> **Your assignment**:
Among the entries below, only the lines from the one with "Convenient 1-Bedroom Flat" through the one with "Sobrado a venda" are wanted, reproduced exactly. Pictures are not wanted.

> **Dataset excerpts**:
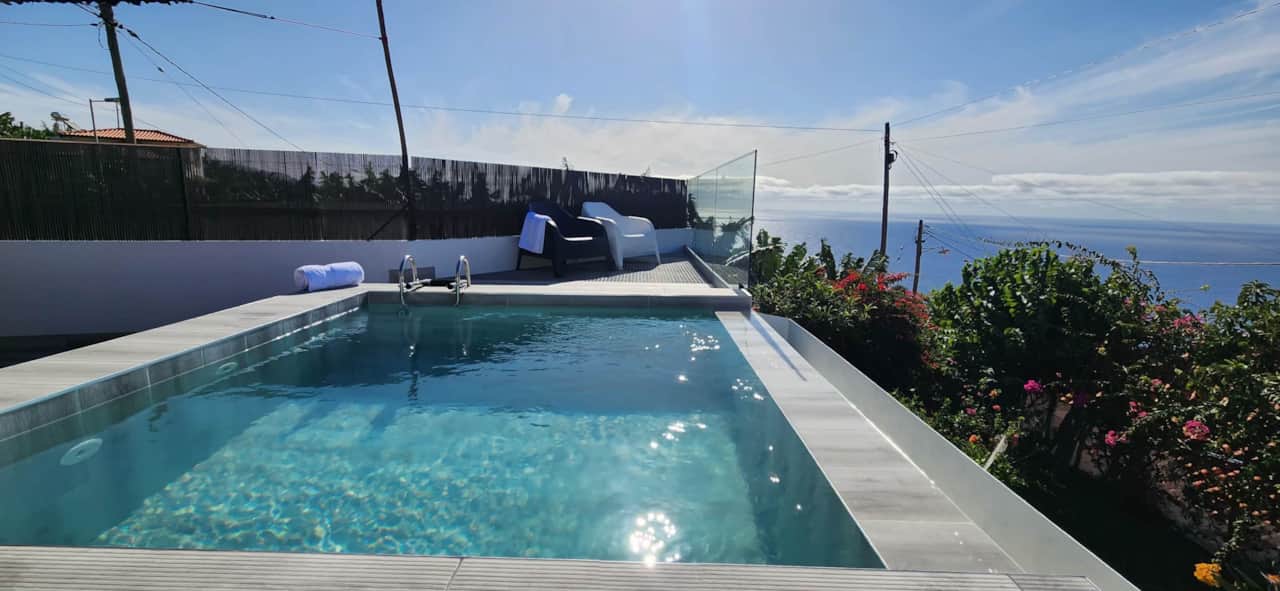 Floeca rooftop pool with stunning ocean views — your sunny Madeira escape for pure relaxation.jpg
---
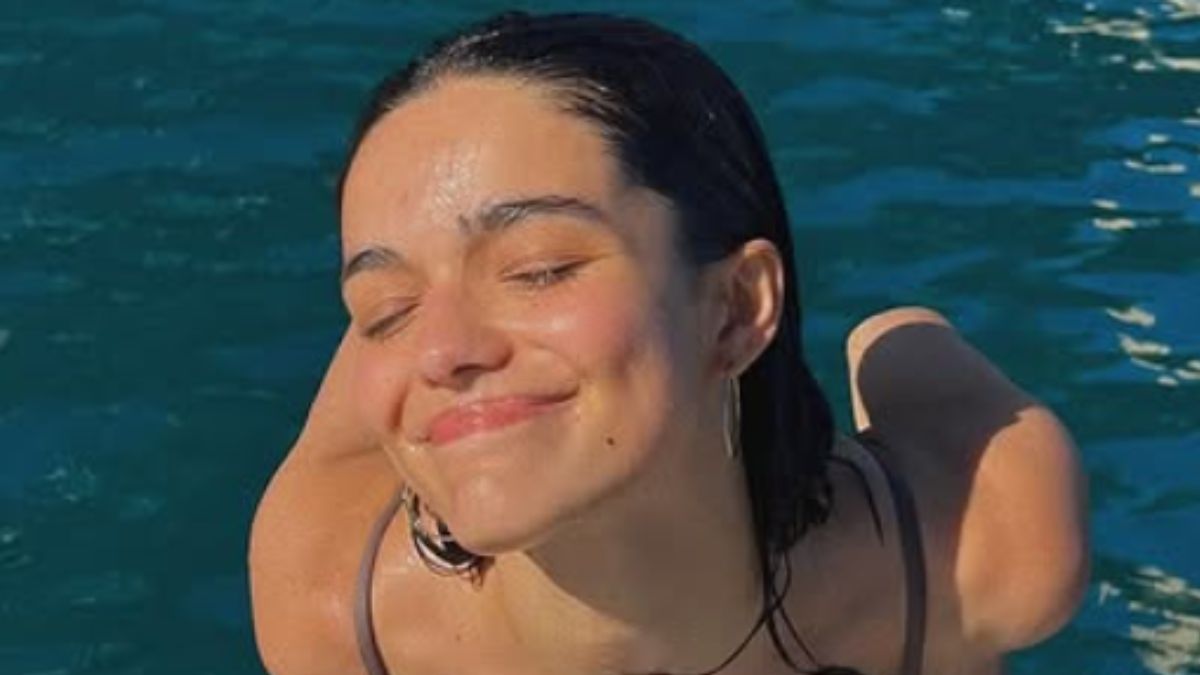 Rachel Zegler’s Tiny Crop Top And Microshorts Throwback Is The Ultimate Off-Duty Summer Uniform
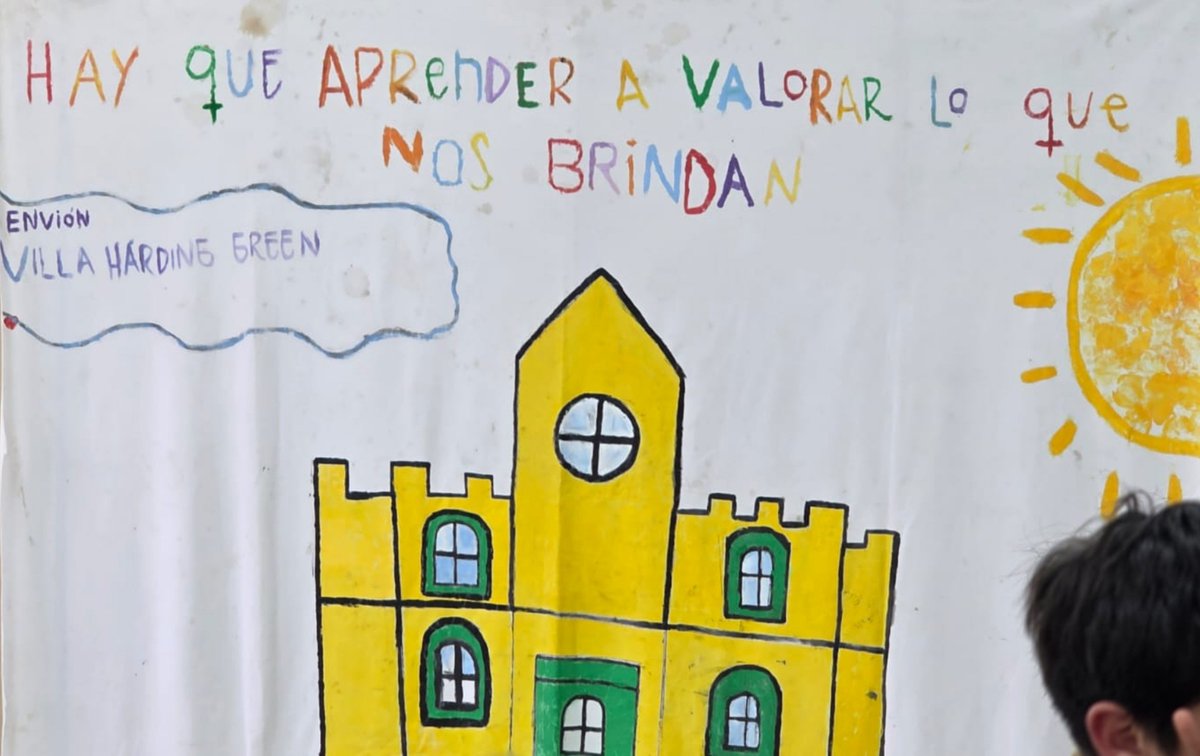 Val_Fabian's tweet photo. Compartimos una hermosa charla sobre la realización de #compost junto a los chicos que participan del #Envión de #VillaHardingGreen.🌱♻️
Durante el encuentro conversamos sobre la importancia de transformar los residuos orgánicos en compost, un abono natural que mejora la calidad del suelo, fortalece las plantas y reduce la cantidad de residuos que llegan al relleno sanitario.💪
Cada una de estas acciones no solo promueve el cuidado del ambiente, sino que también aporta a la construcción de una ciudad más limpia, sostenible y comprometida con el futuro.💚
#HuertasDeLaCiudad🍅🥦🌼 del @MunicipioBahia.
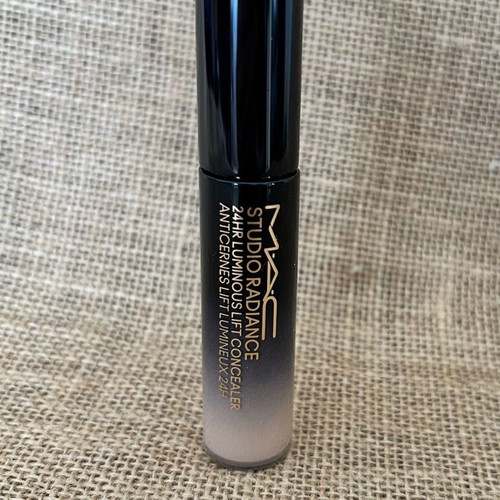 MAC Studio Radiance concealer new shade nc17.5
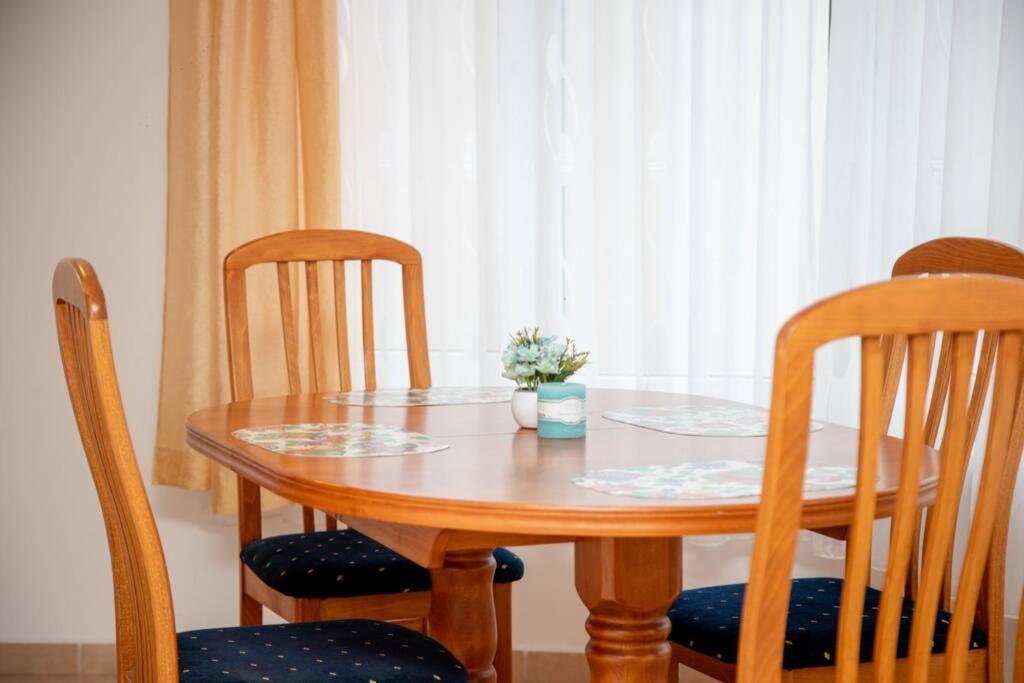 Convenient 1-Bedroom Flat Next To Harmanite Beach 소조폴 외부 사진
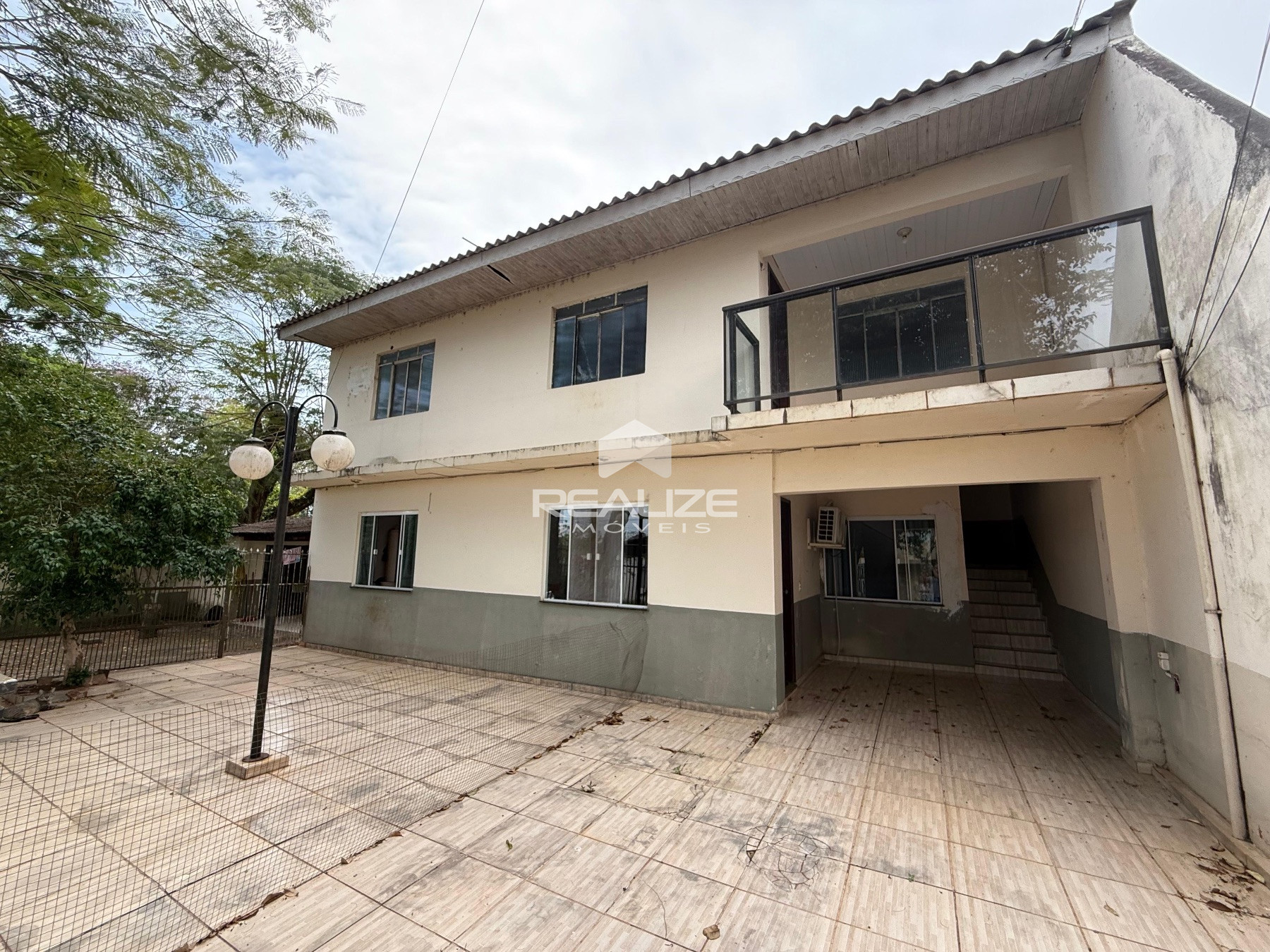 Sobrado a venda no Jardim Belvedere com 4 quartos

> **Answer to this task**:
 Convenient 1-Bedroom Flat Next To Harmanite Beach 소조폴 외부 사진
 Sobrado a venda no Jardim Belvedere com 4 quartos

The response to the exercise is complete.